• _DATA FOR ANALYSIS_
********************

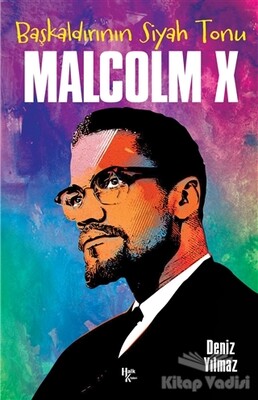 Başkaldırının Siyah Tonu Malcolm X - Halk Kitabevi
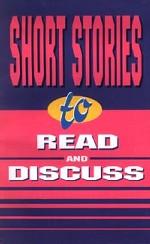 Short Stories to Read and Discuss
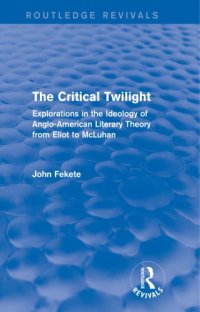 cover of the book The critical twilight: explorations in the ideology of Anglo-American literary theory from Eliot to McLuhan
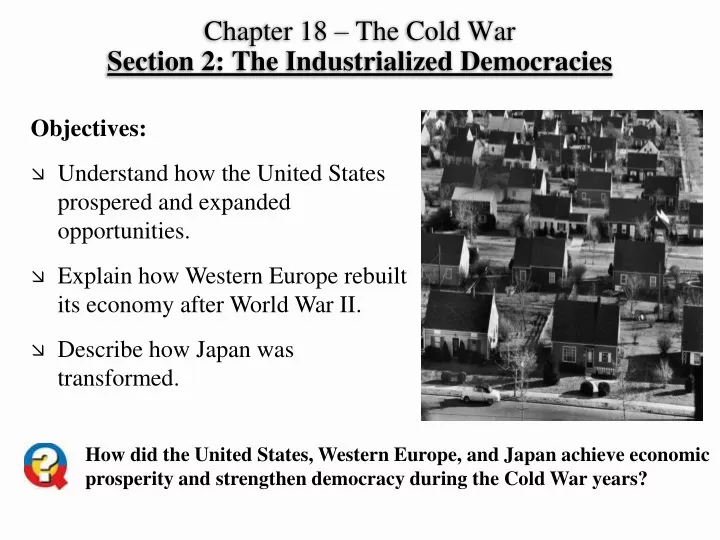 chapter 18 the cold war section 2 the industrialized democracies
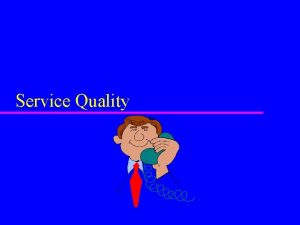 Service Quality Learning Objectives u Describe the five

********************

Would you please repeat all the data word for word, but without the pictures?

• _RESPONSE TO THIS TASK_
 Başkaldırının Siyah Tonu Malcolm X - Halk Kitabevi
 Short Stories to Read and Discuss
 cover of the book The critical twilight: explorations in the ideology of Anglo-American literary theory from Eliot to McLuhan
 chapter 18 the cold war section 2 the industrialized democracies
 Service Quality Learning Objectives u Describe the five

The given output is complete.